Numerous states besides
California require that new cars must meet California emissions
standards. This potentially impacts every owner and buyer of new
or late model used cars as well as the DIYers and professional mechanics
that work on them.
Below are answers to some of the most common questions:
- Are there still US federal emissions
standards? Yes, states can choose to specify cars either meet Federal/EPA or California (CARB) emissions standards specifications. The emissions standards usually vary by model year, so check your state's emissions guidelines.
- How can I tell if a car is a California
spec car? Look at the VEHICLE EMISSION CONTROL INFORMATION
label clearly displayed in the engine compartment. It meets California emissions specs if the label says “California emission standard
(CARB certified)”, “sale in all 50 states (50-state
certified)”, or “sale in the northeast”. The
VEHICLE EMISSION CONTROL INFORMATION label is also where you will
find "Engine Family" or "EFN" numbers.
- I do not live in California or one
of those emissions states so why do I care? Used cars from the California spec states could show up for sale
in any state. New states are steadily joining the California spec
list. If the car is a California spec car then it might eventually
need California spec replacement parts or service.
- Why are some of the replacement catalytic
converters listed in the RockAuto.com parts catalog described
as being for California emissions equipped models but “not
legal for sale on vehicles licensed in the state of California?” Since January 1, 2009, California requires that aftermarket catalytic
converters sold in California have special California Air Resource
Board (CARB) certification and labeling. An exhaust manufacturer
may have built a catalytic converter that meets or exceeds California
emissions standards, but they have not yet received CARB certification
so their catalytic converter cannot be sold in California.

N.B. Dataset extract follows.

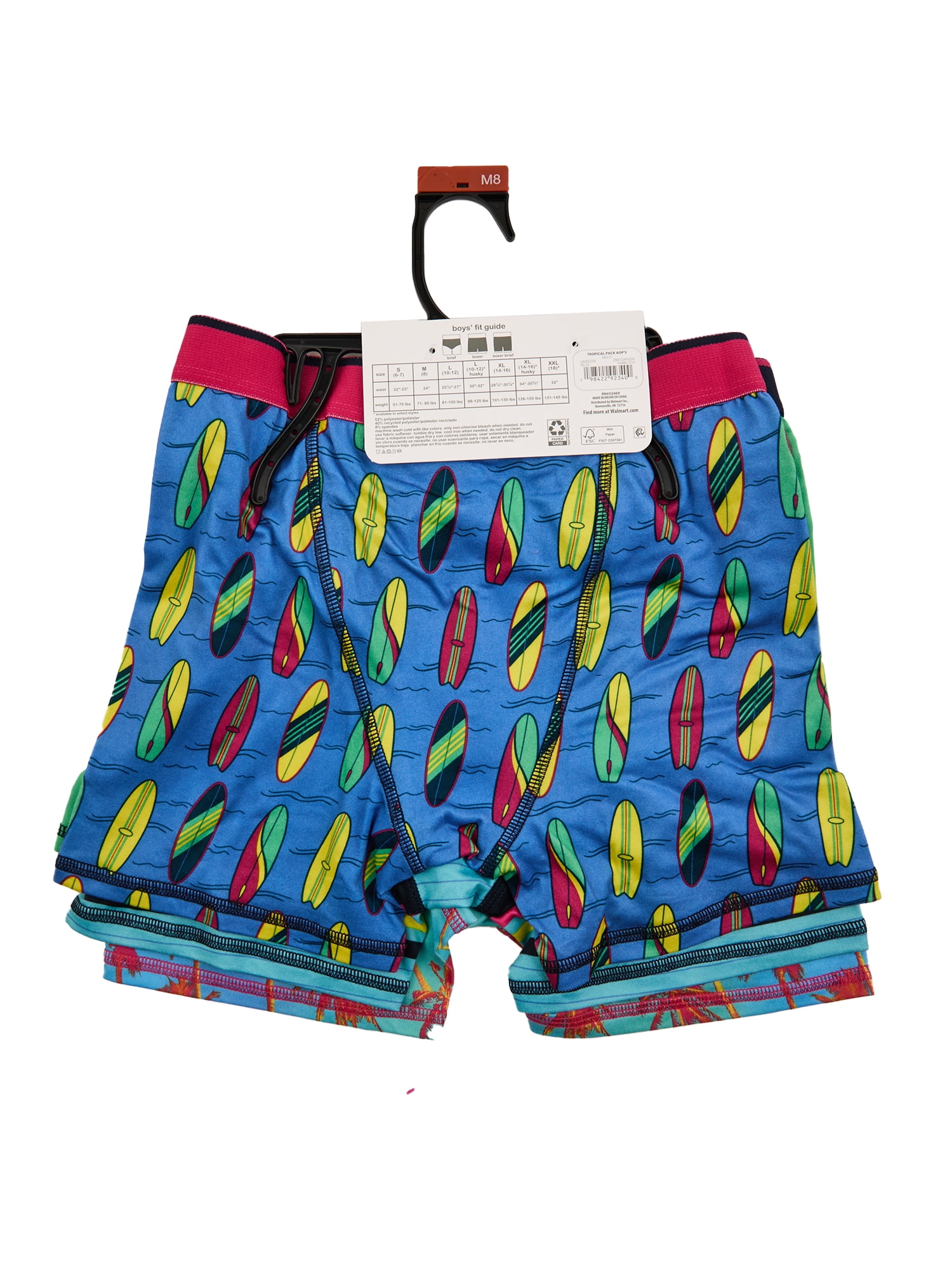 Wonder Nation Boys Boxer Brief Tropical Underwear, 4-Pack, Sizes S-XL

- If a catalytic converter meets California
emissions standards but does not have CARB certification then
can it still successfully be installed on California spec cars
outside California? Yes.
- I live in California. Will a new (manufactured
after January 1, 2009) catalytic converter that meets California
emissions standards but does not have CARB certification still
enable my car to pass state emissions tests? No. The
catalytic converter meets California emissions standards so the
vehicle’s exhaust will likely pass emissions tests. But
the vehicle should still fail because the test includes a visual
inspection of the exhaust system. CARB certification requires
special CARB numbers be stamped into the body of the catalytic
converter. Without the CARB label on the new aftermarket catalytic
converter, the state inspector will fail the car no matter how
clean the exhaust is. Catalytic converters made before 2009 or
newer ones without CARB certification still have a date of manufacture
stamped on them per Federal/EPA requirements.
- Will this get less or more complicated
in the future? It might get less complicated if the California
emissions standards are adopted by all the states or if car manufacturers
decide to only make California spec cars. But it could get more
complicated if other states besides California are allowed to
come up with their own emissions standards or if California or
other states write new regulations similar to the CARB certification
for replacement catalytic converters.